Roberto quis fazer um reparo e foi atendido:

— Estou ainda aguardando que o amigo me ofereça alguma resposta concreta quanto aos problemas propostos por Deodoro e quanto à solução aventada por Everaldo.

Os demais enviaram vibrações mentais em apoio ao aparteante. Então, Alfredo saiu-se com esta:

— De que me adianta falar a respeito de minhas experiências? Vou reservar-me o direito de somente me manifestar quando estivermos diante do fenômeno. Por exemplo, para que não me acusem de dispersivo, o queijo que se fabrica para os colegas do convento comerem eu mesmo ajudei a preparar muitas vezes. Toma-se uma determinada quantidade de leite, o qual é fornecido aos padres por aldeões amigos, gente que se mantém em vida totalmente rural, possuindo, portanto, gado e plantações, segundo a natureza de sua morada...

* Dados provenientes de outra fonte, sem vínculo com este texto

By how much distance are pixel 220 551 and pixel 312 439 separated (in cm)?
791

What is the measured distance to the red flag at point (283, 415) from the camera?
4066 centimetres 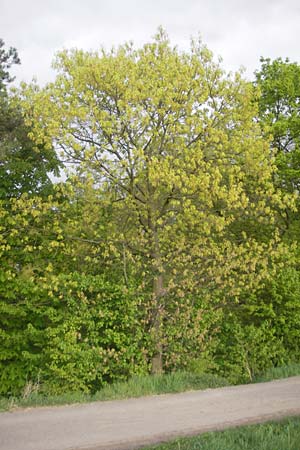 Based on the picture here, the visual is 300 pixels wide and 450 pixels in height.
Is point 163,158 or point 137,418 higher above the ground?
point 163,158

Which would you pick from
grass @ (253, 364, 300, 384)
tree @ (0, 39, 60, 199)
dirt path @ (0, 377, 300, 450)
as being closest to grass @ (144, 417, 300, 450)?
dirt path @ (0, 377, 300, 450)

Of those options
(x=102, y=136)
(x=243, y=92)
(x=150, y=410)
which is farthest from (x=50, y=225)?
(x=150, y=410)

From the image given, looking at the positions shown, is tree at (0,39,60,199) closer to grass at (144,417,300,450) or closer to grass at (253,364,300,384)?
grass at (253,364,300,384)

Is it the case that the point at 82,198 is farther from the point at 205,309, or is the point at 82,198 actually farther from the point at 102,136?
the point at 205,309

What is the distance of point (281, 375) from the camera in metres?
10.5

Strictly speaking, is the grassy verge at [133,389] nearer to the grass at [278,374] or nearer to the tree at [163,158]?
the grass at [278,374]

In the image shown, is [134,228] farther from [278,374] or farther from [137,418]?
[137,418]

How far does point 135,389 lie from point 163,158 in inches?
220

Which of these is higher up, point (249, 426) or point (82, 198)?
point (82, 198)

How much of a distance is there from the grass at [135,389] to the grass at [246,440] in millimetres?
2802

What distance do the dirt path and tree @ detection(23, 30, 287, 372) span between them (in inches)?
151

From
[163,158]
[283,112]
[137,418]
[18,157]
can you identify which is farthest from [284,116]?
[137,418]

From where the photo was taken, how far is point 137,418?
21.4 ft

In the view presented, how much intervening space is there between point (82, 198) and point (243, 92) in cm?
497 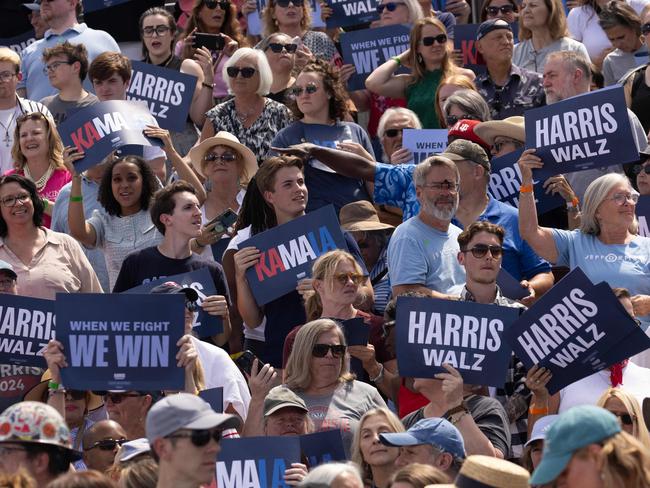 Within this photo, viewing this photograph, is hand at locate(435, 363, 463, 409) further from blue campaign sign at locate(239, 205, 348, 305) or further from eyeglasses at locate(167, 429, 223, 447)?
eyeglasses at locate(167, 429, 223, 447)

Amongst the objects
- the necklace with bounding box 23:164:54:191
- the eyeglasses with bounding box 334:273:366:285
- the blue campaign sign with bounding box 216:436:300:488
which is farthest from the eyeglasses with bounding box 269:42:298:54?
the blue campaign sign with bounding box 216:436:300:488

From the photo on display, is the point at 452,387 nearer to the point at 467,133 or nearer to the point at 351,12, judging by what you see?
the point at 467,133

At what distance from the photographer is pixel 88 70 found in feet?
43.4

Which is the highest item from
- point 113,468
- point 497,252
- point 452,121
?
point 452,121

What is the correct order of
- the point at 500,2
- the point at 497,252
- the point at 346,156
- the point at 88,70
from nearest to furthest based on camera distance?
the point at 497,252 → the point at 346,156 → the point at 88,70 → the point at 500,2

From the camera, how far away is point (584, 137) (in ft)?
35.7

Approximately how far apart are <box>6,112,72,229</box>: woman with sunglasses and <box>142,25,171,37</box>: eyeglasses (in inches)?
79.7

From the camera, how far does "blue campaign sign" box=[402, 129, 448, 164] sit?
12.1 m

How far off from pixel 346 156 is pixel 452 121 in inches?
39.1

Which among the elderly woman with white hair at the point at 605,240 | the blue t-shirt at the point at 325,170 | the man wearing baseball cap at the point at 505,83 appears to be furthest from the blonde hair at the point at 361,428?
the man wearing baseball cap at the point at 505,83

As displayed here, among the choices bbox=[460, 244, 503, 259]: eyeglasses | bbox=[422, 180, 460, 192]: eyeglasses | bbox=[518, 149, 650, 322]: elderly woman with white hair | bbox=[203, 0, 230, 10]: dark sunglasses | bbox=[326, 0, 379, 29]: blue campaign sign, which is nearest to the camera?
bbox=[460, 244, 503, 259]: eyeglasses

Deodoro não conseguiu refrear sua inquietação e interrompeu:

— Pois o que eu quero saber é se as vacas são reais ou fictícias.

Alfredo não se perturbou:

— As terrenas ou as do etéreo?

— Claro que as daqui!

— Por que não perguntou a respeito das vacas da Terra?

— Como assim?

— Pois aí é que está. Para nós, neste momento, aquelas da Terra já não são mais do que o produto de nosso conhecimento armazenado no cérebro. Se bem pensarmos a respeito delas, vamos verificar que se estruturam a partir de elementos de organização específicos da densidade material, conforme o princípio da natureza de lá. Se tivermos ocasião de visitar o orbe, conforme é de seu interesse e curiosidade, iremos observar que aquelas vacas no pasto nada mais são do que fantasmas.

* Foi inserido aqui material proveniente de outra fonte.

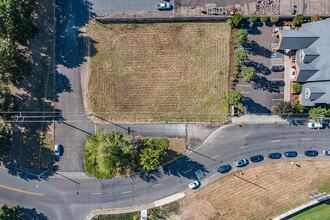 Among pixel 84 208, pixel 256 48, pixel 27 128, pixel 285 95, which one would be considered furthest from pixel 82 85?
pixel 285 95

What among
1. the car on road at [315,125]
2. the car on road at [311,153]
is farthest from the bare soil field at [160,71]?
the car on road at [311,153]

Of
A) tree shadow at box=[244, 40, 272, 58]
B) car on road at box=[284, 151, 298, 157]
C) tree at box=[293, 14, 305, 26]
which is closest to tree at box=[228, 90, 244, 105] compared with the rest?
tree shadow at box=[244, 40, 272, 58]

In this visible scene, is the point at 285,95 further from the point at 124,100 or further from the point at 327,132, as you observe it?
the point at 124,100

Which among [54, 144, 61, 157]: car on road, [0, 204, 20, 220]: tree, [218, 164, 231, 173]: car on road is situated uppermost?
[54, 144, 61, 157]: car on road

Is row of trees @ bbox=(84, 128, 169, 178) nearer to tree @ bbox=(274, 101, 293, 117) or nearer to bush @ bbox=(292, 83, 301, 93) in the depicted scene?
tree @ bbox=(274, 101, 293, 117)

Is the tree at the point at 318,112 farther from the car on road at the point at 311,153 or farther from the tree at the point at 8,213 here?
the tree at the point at 8,213

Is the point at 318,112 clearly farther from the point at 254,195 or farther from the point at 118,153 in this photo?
the point at 118,153

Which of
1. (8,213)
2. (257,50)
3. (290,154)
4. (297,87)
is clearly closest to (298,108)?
(297,87) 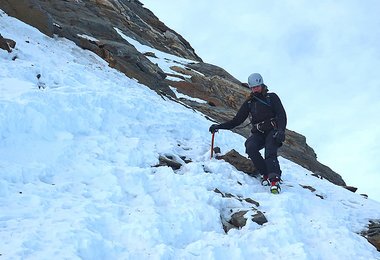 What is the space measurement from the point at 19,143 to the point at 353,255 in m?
6.75

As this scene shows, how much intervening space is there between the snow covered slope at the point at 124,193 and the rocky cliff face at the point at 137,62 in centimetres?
714

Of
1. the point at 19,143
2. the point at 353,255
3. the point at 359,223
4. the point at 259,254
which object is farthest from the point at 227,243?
the point at 19,143

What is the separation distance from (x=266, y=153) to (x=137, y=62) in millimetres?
14132

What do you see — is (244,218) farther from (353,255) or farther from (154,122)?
(154,122)

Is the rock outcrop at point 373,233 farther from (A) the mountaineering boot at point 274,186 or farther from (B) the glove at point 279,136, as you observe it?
(B) the glove at point 279,136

— Porém, os encarnados têm a exata sensação de que existem pelo leite, pelo queijo e pela carne que fornecem. E, se me permitir o gracejo, por certas chifradas até fatais.

— Pois são essas chifradas a prova mais veemente de que, um momento após, já estamos desafiando a nossa argúcia quanto à existência real delas, porque, para nós, o princípio existencial ganha outra dimensão. As nossas vacas aqui são tão reais, para nós, quanto são aquelas, para os humanos. Se não fosse assim, de que adiantaria ao Senhor possuir muitas moradas? É preciso que nos desvencilhemos da idéia de que a realidade que prevalece é a do mundo como o vivenciamos através dos sentidos. Prevalece, ordinariamente, enquanto estamos imersos nele. Ao nos desligarmos de uma determinada dimensão, segundo suspeito — e agora caio no campo das conjeturas, como Everaldo — teremos de configurar um novo campo energético, segundo uma realização existencial específica. Perdoe-me o professor de teologia, mas é preciso considerar os aspectos científicos inerentes a cada círculo de vida.

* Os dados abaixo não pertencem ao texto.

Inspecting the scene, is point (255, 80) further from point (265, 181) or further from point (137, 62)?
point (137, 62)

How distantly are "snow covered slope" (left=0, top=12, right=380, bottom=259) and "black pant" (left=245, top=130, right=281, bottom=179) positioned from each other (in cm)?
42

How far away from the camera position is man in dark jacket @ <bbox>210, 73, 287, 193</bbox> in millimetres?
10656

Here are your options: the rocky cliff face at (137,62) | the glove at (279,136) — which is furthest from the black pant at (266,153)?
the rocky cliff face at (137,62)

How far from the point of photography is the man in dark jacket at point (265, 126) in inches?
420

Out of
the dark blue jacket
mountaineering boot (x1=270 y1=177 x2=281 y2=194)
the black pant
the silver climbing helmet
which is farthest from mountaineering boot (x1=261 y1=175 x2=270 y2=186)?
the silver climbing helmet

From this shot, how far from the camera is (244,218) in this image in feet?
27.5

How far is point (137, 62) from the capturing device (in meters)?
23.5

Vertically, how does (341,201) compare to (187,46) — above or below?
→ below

Deodoro pôs-se a refletir, sendo respeitado pelo grupo, mesmo porque ninguém ousaria interpor nenhum conceito às apreciações do companheiro, que ansiava, por seu turno, pelas considerações dos demais.

Bem que eu gostaria, refletia Deodoro, de saber como é que se executam as obras da morte dos animais, para a obtenção da carne. Se for como penso, não se admite que os seres aqui se possam considerar vivos, senão que existem em corpos indestrutíveis, apesar de irem tomando formas variadas, conforme a vontade dos espíritos que nele habitam. Não foi assim que eu vi crescerem-me os membros? Por outro lado, como os meus pensamentos estão sendo dirigidos aos companheiros, terão eles a capacidade de receberem o influxo telepático ou isso é primazia de quem está mais adiantado, como o meu amigo Eufrásio? Vou dar um pouco de tempo ao tempo, para que eles sintam o meu desejo de fazê-los entender a minha mensagem mental.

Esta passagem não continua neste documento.